The Red Barn farm stand, which sells just-picked produce from Ann Teller's Oak Hill Ranch just south of Glen Ellen, had baby fennel, little gem lettuce, small yellow and variegated summer zuchinni, and the last of spring's green garlic to offer. Local Petaluma egg yolks went into hand-made tagliatelle pasta--the sheet finally so thin the countertop's marble veining could be seen through it. The green garlic and fennel were finely diced, sauted in Clover organic butter and dusted with lemon thyme and chives from the herb pot.

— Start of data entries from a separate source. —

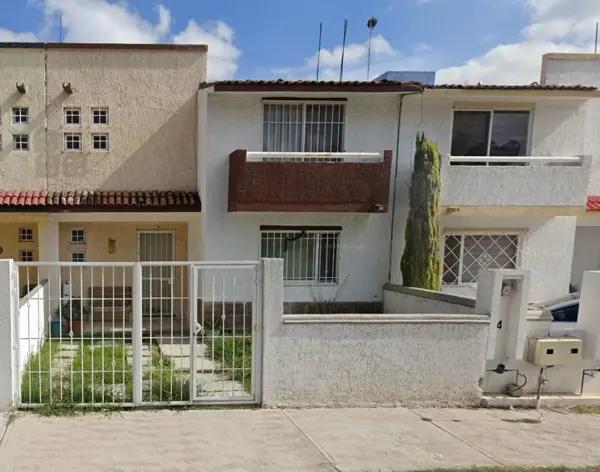 Se Vende Casa de Recuperación Bancaria en Sagrada Familia, Santuarios Residencial, El Pueblito Qro Se Vende Casa de Recuperación Bancaria en Sagrada Familia, Santuarios Residencial, El Pueblito Qro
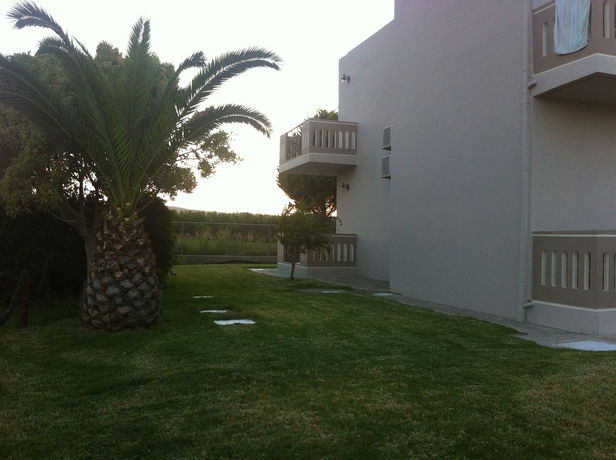 Imagen de los exteriores del Hotel Mediterranean and Apartments. Foto 2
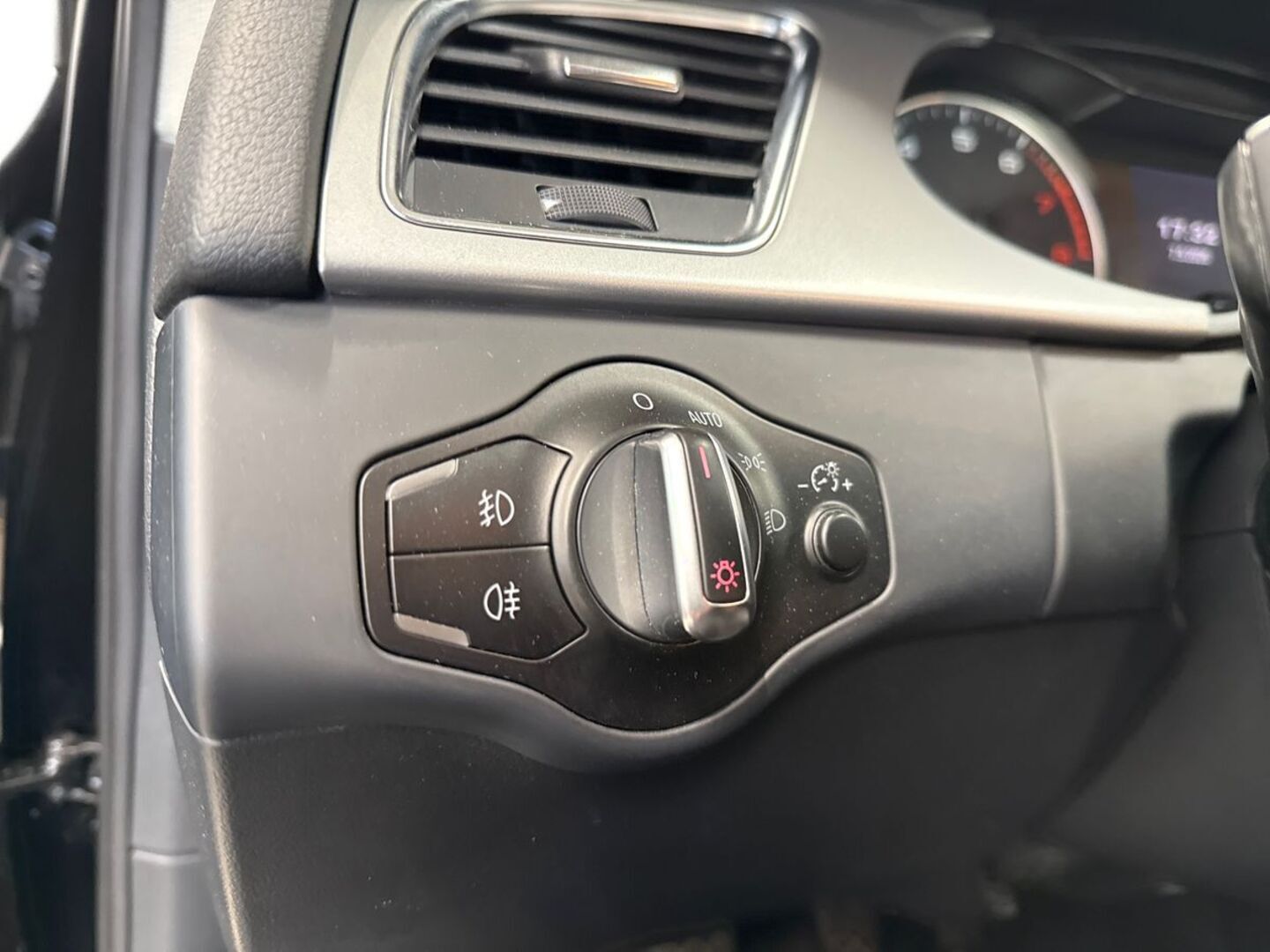 AUDI A4 2011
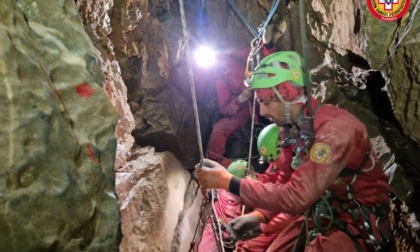 Speleologo di Torino estratto vivo dopo 24 ore dall'Abisso di Paperino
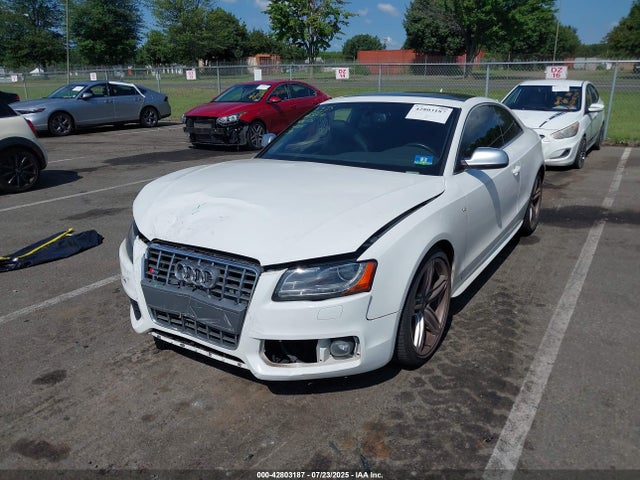 2011 AUDI S5 WAUCVAFR2BA003356 Photo 1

The multi-colored zuchinni were julienned, tossed with a bit of oil and salt, and set atop the stainless mesh splatter-guard over the coals, and tossed and moved around in the heat and smoke for just a few minutes, as the fresh pasta cooked briefly in salted water. As I took the squash off the heat, I added some branches of oak and manzanita to reinvigorate the coals. All these ingredients were combined into a coil on black plates hand-made by a local potter friend, and the combination was silky, slightly smokey, with a hint of garlic and a subtle kick from the fresh herbs. A dish simple and complex, subtle and earthy all at the same time.

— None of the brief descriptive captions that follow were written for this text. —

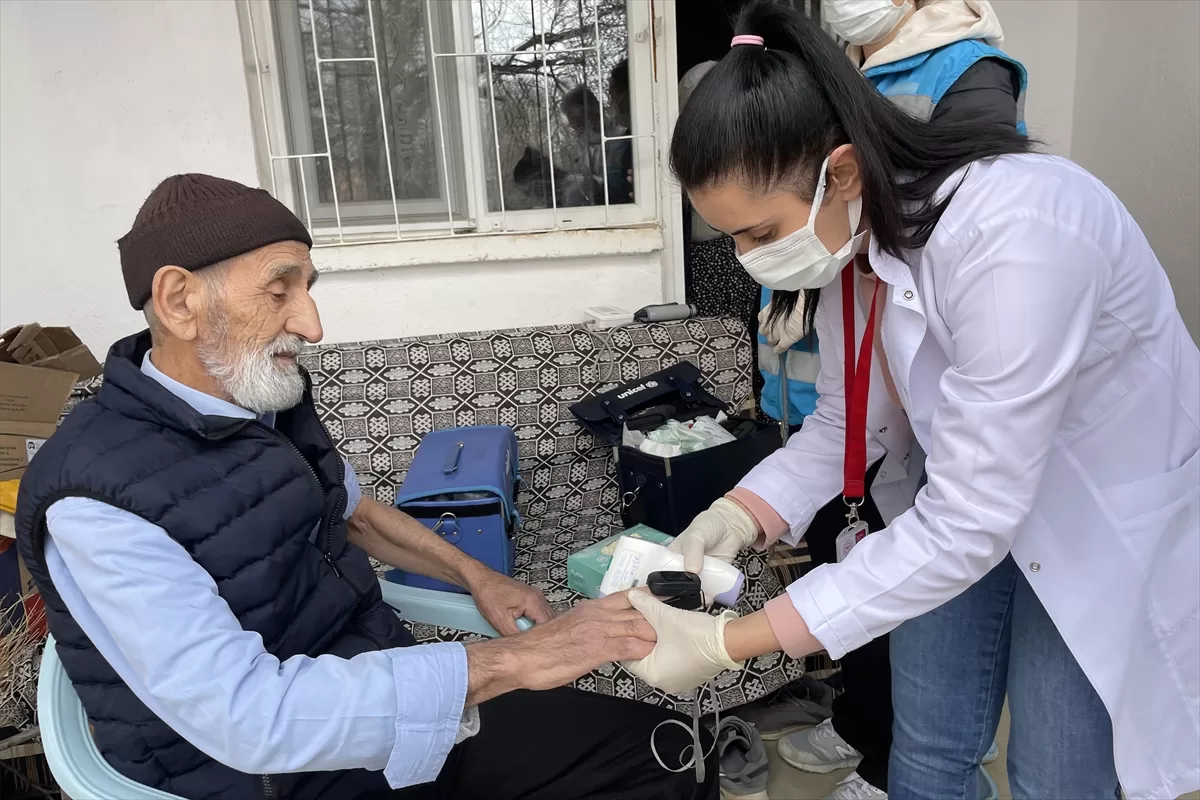 Elazığ'daki gönüllü doktor ve hemşirelerden kırsaldaki depremzedelere gezici sağlık hizmeti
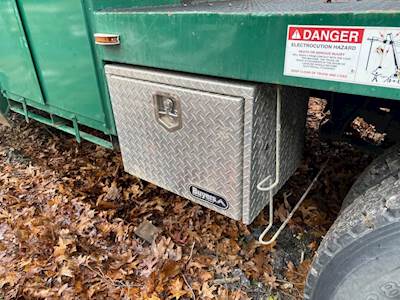 International 7300 Tool Box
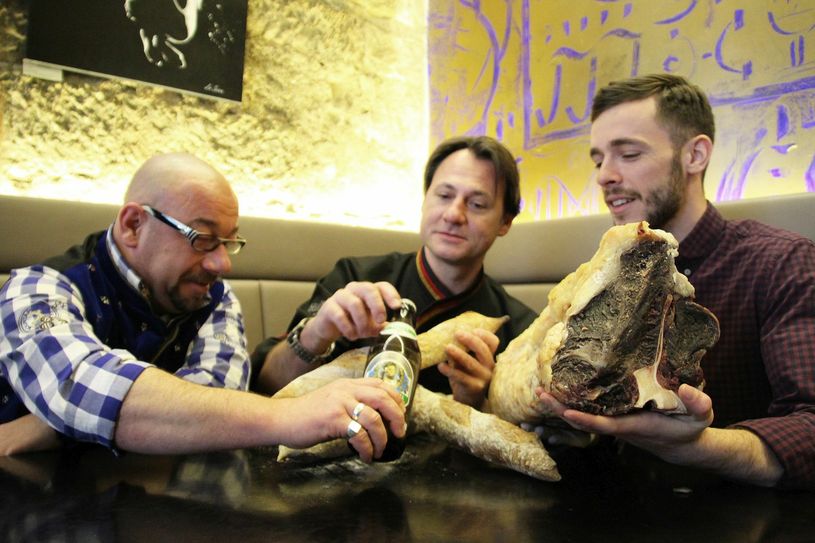 Spezialisten unter sich (v.l.): Bier-Sommelier Jens Nebel, Brot-Sommelier Tino Gierig und Fleisch-Sommelier Philipp Winters im Kastenmeiers. Foto: Schramm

Scott, the head butcher at Sonoma Market, who fills in a couple days a week at our local Glen Ellen Market, ordered for us some 2-inch rib eye steaks of American Wagyu beef from Masami Ranch in Corning. The thick steaks are beautifully marbled--maybe around grade 7/8 on the Japanese 12 point (12 is more fat marbling than beef) scale. They dry-aged in the back of the fridge for about 5 days, and then were salted and rubbed with a bit of garlic and soy. These are some bad-boy steaks. When the coals were again at the right searing heat, the steaks went on the cast iron for about 8-9 minutes, flipped every two, then wrapped and rested for long enough to open the 2000 Chateauneuf du Pape Vieux Telegraph--a wine that always has a hint of smoke in the nose. I sliced the steaks crosswise thinly, and served the meat naked, with absolutely nothing else, save salt and pepper on the table. It was both tender and dense, juicy, intensely beefy, with just the right overtone of woodsmoke. Awesome steak, right up with what we've had at fine local establishments such as Stark's Steakhouse and Cole's Chophouse.

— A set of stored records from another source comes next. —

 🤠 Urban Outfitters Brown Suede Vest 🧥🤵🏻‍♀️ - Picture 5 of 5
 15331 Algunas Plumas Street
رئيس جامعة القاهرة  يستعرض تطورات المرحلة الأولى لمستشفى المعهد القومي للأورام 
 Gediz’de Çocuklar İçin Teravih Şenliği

To bring our grill-extravaganza to a close, I quickly grill-marked quartered little-gem lettuces from Oak Hill over the last of the coals, and drizzled them with a creamy Laura Chenel goat cheese dressing, and tossed on some bacon shards and avocado dice. A refreshing wrap-up.

Re-creating all that Chef Arguinzoniz does in Axpe is simply not possible. But this repast, acclaimed by the diners that enjoyed it--shows that our local ingredients combined with some skill, restraint and ingenuity can result in a pretty darned fine repast.